Hi all, I would like to get the conversation going on introducing a mechanism to have dictionary literals be inferred as TypedDicts. The issue has been discussed here and there a few times (see the links below) but to my knowledge no attempt has been made yet to flesh out the details, let alone reach consensus. I would like to change that. 
The issue:
The type of
foo = {
"a": 1,
"b": 2,
}
is currently being inferred as dict[str, int] by e.g. Mypy and Pyright, but there are many cases in which foo’s keys will not change and one would therefore like to have its type to be inferred more narrowly as
TypedDict[{
"a": Literal[1],
"b": Literal[2],
}]
without having to write out the full type as type annotation.
Here, for brevity I am using the proposed (PEP 764) syntax for inline TypedDicts to describe a closed typed dictionary (in the sense of PEP 728), but the question of how to infer foo as TypedDict shouldn’t depend on whether or not PEP 764 gets accepted or not.
The use case for TypedDict inference comes up frequently when using dictionary literals to build & return structured data with a fixed set of keys “on the fly”. In such cases, defining separate dataclass/TypedDict types first is often particularly undesirable because there will only ever be a single instance of the data structure in the first place (namely the dictionary literal) and so the type declaration would always follow the dictionary literal’s structure, anyway, and have to be kept in sync.
Prior discussions:
- github.com/python/typing: Strict inference of constant dicts
- discuss.python.org: PEP 764: Inlined typed dictionaries – comment #76 (and responses)
Prior art:
- Enabling narrow type inference for a given dictionary is somewhat similar to TypeScript’s
as constsyntax, whose behavior I outlined here.
Existing ideas:
So far I have come across the following ideas:
- In the Github issue mentioned above, @erictraut discusses using a “bare”
TypedDictannotationfoo: TypedDict = { … }to trigger TypedDict inference. (Another idea being mentioned isfoo: dict[{}] = { … }; however the former seems more consistent with PEP 764.) - In PEP 764: Inlined typed dictionaries - #82 by davidfstr @davidfstr proposes introducing a a very similar type annotation
TypedDict[...](with a literal...), which would trigger narrow TypedDict inference for the annotated variable or function.
In my opinion, introducing such a type annotation alone comes with one significant downside, though, particularly compared to TypeScript’s as const: It would be impossible to guide type inference for dictionary literals within more complex, nested expressions, without spelling out the entire expression’s type. Consider e.g.:
foo = (
"hello",
"world",
{
"a": 1,
"b": 2,
}
)
Here, foo is currently inferred as Tuple[Literal["hello"], Literal["world"], dict[str, int]] but we would want to infer Tuple[Literal["hello"], Literal["world"], TypedDict[{ … }]] without having to annotate foo with Tuple[Literal["hello"], Literal["world"], TypedDict] or something similar. I have elaborated on this topic here.

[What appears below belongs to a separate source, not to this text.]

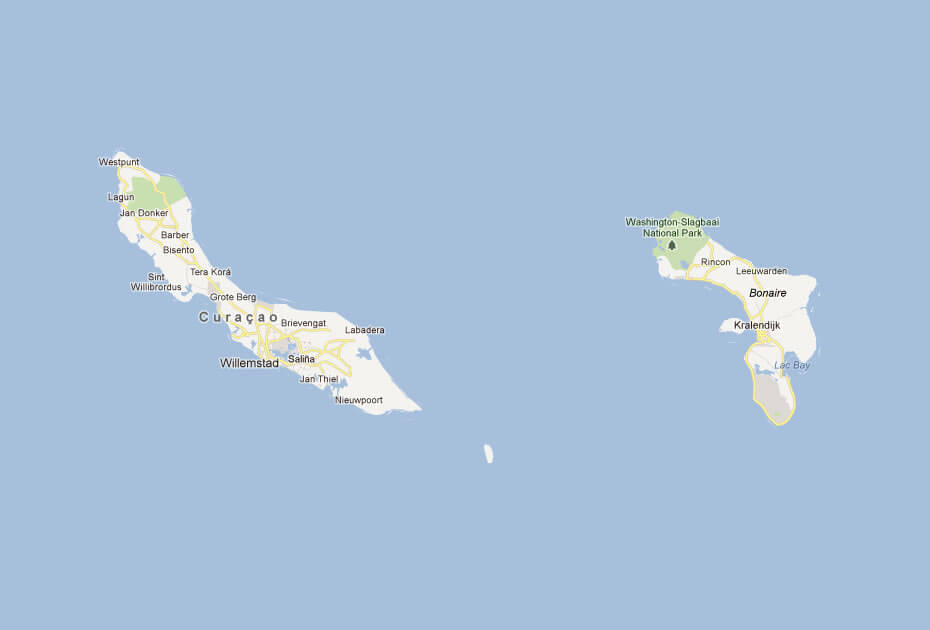 Map of Netherlands Antilles Islands
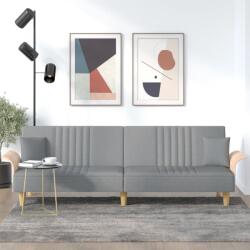 vidaXL Canapea extensibila cu cotiere, gri deschis, textil GartenMobel Dekor (351887) Canapea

For this reason, my thoughts are going in the direction of introducing syntax (or at least a helper function in typing) to guide type inference at the expression level, i.e. to annotate expressions, e.g.:
foo = (
"hello",
"world",
{
"a": 1,
"b": 2,
} as TypedDict
)
The use case might be broader than inferring TypedDict alone: For instance, I might have a list or tuple literal which I’d like to infer as Sequence or a dictionary literal which I’d like to infer as Mapping. In fact, the use case might also be broader than literal expressions: I might have an expression of type A which I want the type checker to treat as type B while still ensuring that the expression is compatible with type B. This would be reminiscent of TypeScript’s satisfies, while also doing a type cast.
Maybe these are two separate topics, though? Maybe not? Either way, I’d be grateful for feedback and very interested in hearing your thoughts!